Nach dem Anschlag in Boston sagte der tschetschenische Präsident Ramsan Kadyrow: „Jeder Versuch eine Verbindung zwischen den Zarnajews und Tschetschenien herzustellen, sollten sie schuldig sein, ist unmöglich. Sie sind in den Vereinigten Staaten aufgewachsen. Ihre Einstellung und ihr Glaube wurden dort geformt. Die Wurzel dieses Übels muss in Amerika gesucht werden.“ Wie bei allen Politikern muss man die Aussagen des Präsidenten mit Vorsicht genießen, aber die Fakten zeigen immer deutlicher, dass die Radikalisierung der Zarnajews dort angefangen hat, wo heute so viele Dinge zum ersten Mal passieren: im Internet.

Bevor klar wurde, dass die Zarnajew-Brüder hinter dem Anschlag stecken, spekulierten viele Kommentatoren, ob es sich um „einheimischen“ (also rechten) oder „fremden“ (also islamistischen) Terror handelt. In dieser Analyse stecken eine Menge Fehler und sie übergeht das Problem einheimischer Dschihadisten, die sich in den letzten Jahren in den USA ausgebreitet haben. Einige dieser amerikanischen jungen Leuten sind zutiefst religiös und passen zum Fundamentalisten-Klischee. Andere leben eine Doppelexistenz—sie stehen hinter extremistischen Gedankengut, rauchen aber gleichzeitig Gras, tragen moderne Klamotten, gehen aus und hören Rap.

Je mehr wir rausfinden, desto verwirrender wird das Bild. 2012 reiste Tamerlan nach Dagestan, einer russischen Republik, die neben Tschetschenien liegt, um sich dort mit ansässigen Dschihadisten zu treffen. Der russische Geheimdienst wurde darauf aufmerksam und informierte das FBI. Nachdem Tamerlan von ihnen befragt wurde, wurde entschieden, ihn nicht weiter zu beobachten. Eine offensichtlich tödliche Entscheidung.

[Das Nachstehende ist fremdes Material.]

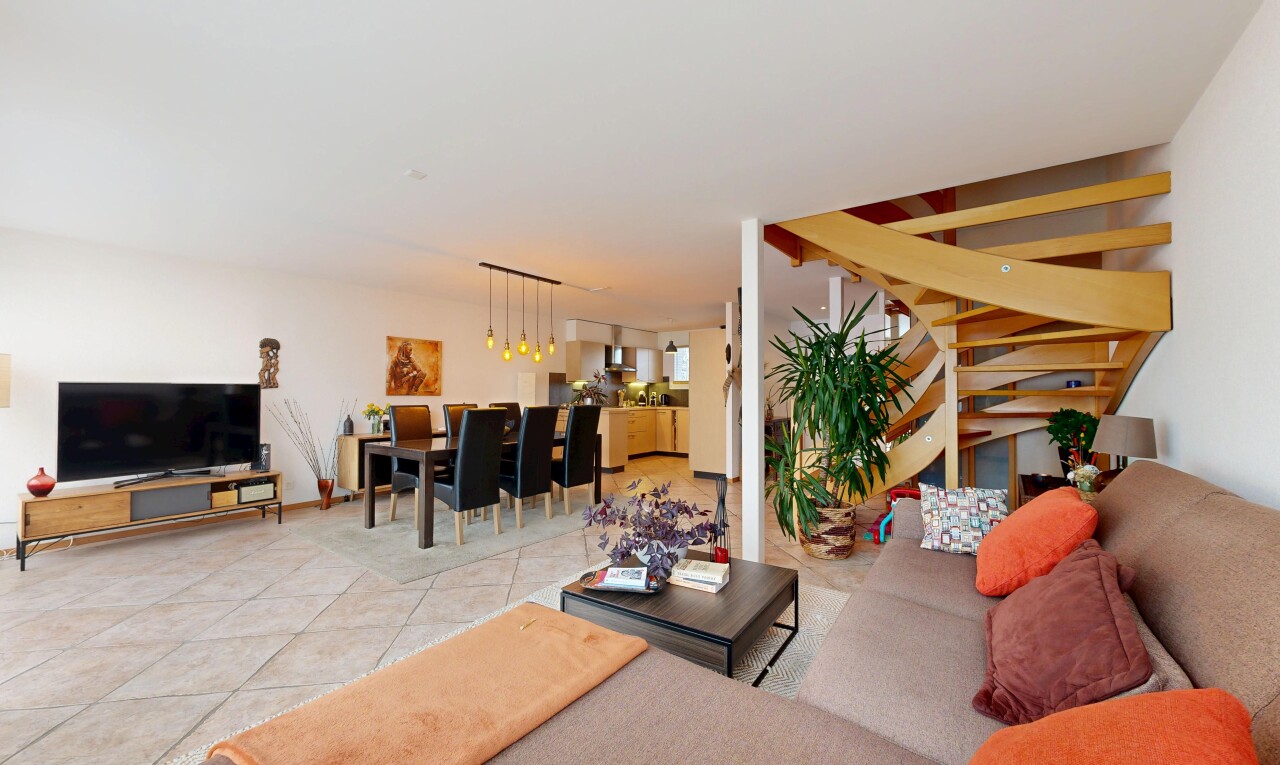living / dining area with light tile patterned flooring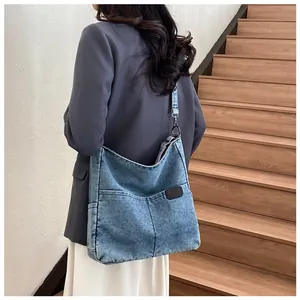 Detail view of denim tote bag with functional front pockets and leather logo label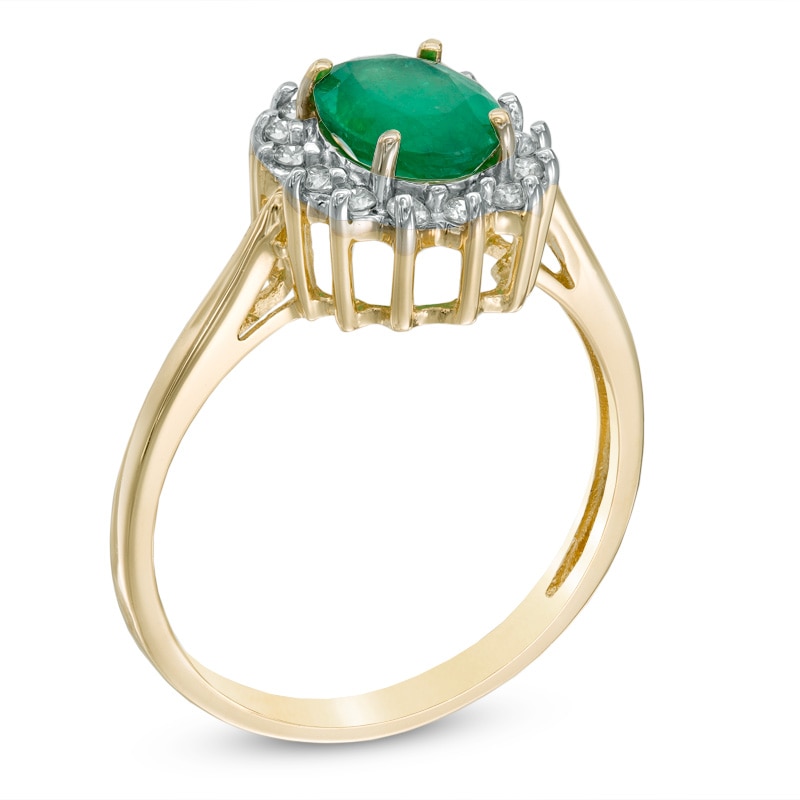 Oval Emerald and 1/5 CT. T.W. Diamond Frame Ring in 14K Gold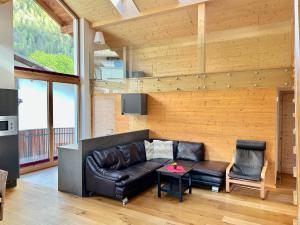 a living room with a leather couch and a table at StarkApart - XL-Wohnung-geräumig-stilvoll in Ried im Oberinntal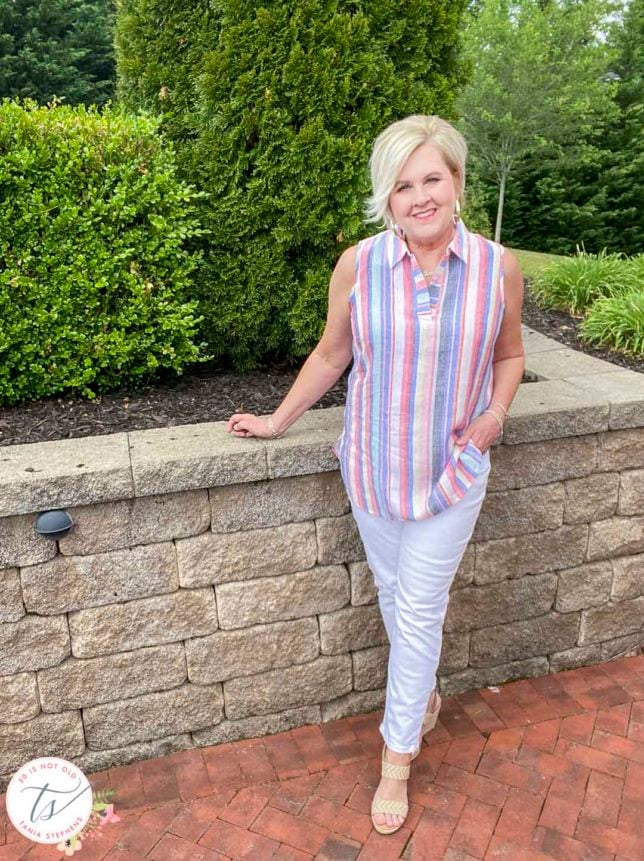 Fashion Blogger 50 Is Not Old will be cool this Memorial Day in a 100% linen striped tunic top and white straight leg jeans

Nach den Ereignissen in Boston könnte es nichts Unproduktiveres geben, als die muslimischen Gemeinden aufs Neue zu stigmatisieren, die genau wie alle anderen schockiert über die Anschläge sind und vor allem eine große Hilfe dabei sein könnten, neue Anschläge zu verhindern. Außerdem sollte das Problem nicht dramatisiert und politisiert werden, was beides vermutlich leider passieren wird.